Die Frau mit kurz geschnittenen Haaren ist Mitte vierzig. Sie lässt ihren Blick über den Platz schweifen, immer aufmerksam, was um sie herum geschieht. "Mein Name ist Kerstin. Ich tue mich sehr schwer damit, meinen Nachnamen zu sagen. Im Rahmen einer Traumatherapie lerne ich langsam, mich mit meiner Geschichte zu identifizieren. Nach und nach erkenne ich, dass es nie zu spät ist, neu zu beginnen, und dass es viele Menschen gibt, die helfen."
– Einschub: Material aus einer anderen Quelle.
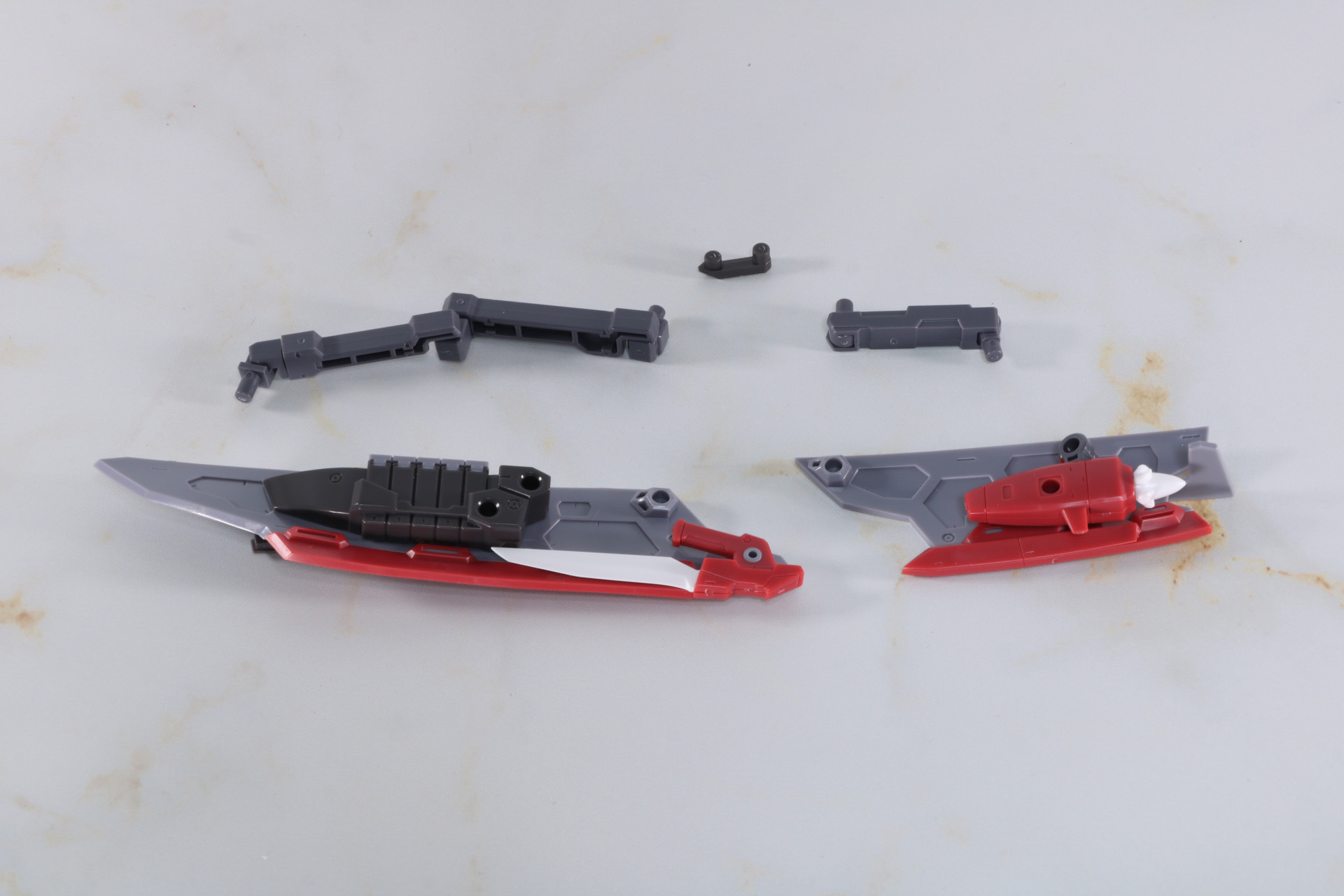 装甲板は、ジョイントパーツとアームパーツで連結。左右同じ工程で連結する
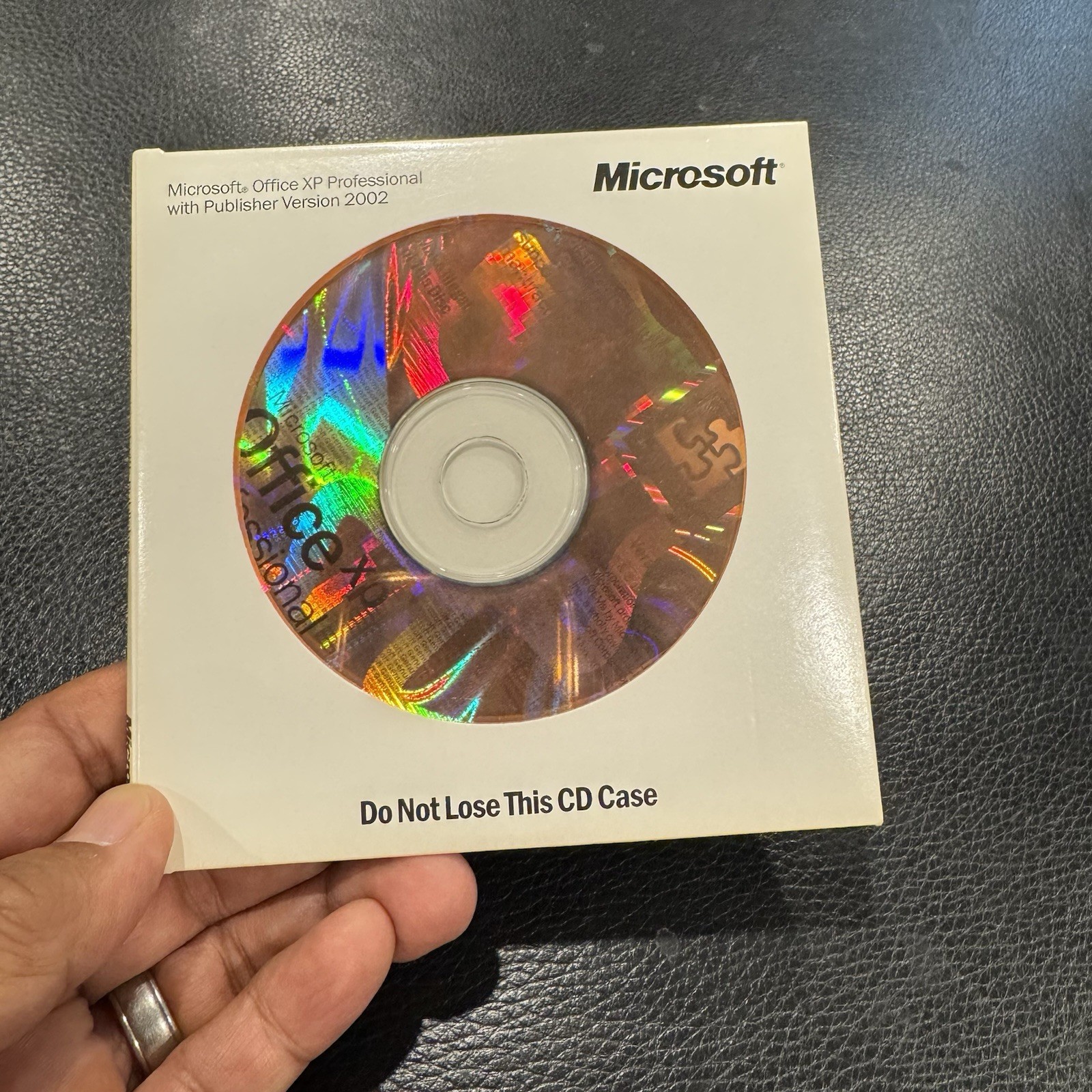 Microsoft Office XP Professional w Publisher Version 2002 w/ Product Key 3 Discs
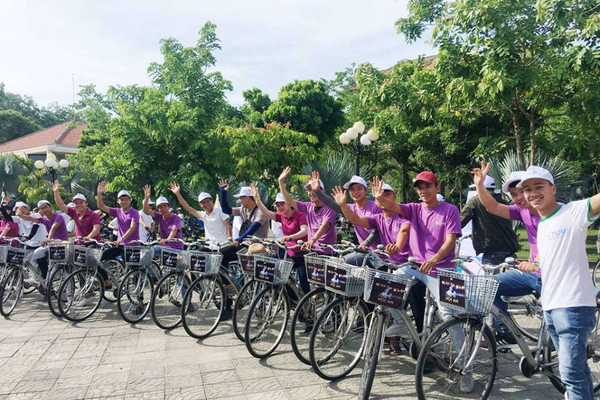 Chia sẻ xe đạp để bảo vệ môi trường tại Hội An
Vor dem Kirchenportal wird Kerstin per Handschlag von dem Pastor begrüßt. Herrmann Rottmann erklärt: "Seit fast zwanzig Jahren bin ich Teil des Netzwerkes Opferschutzhilfe und der Beauftragte für Notfallseelsorge." Vier Monate sind vergangen, seit Kerstin alle Kontakte zu ihrem früheren Leben abgebrochen hat. Sie bemüht sich, die schmerzlichen Erinnerungen an ihre Beziehung mit einem gewalttätigen Mann, der sie immer wieder gedemütigt hat, zu überwinden: "Er hat mir alles genommen. Ich hatte tatsächlich niemanden mehr, der zu mir stand. Aber das braucht man."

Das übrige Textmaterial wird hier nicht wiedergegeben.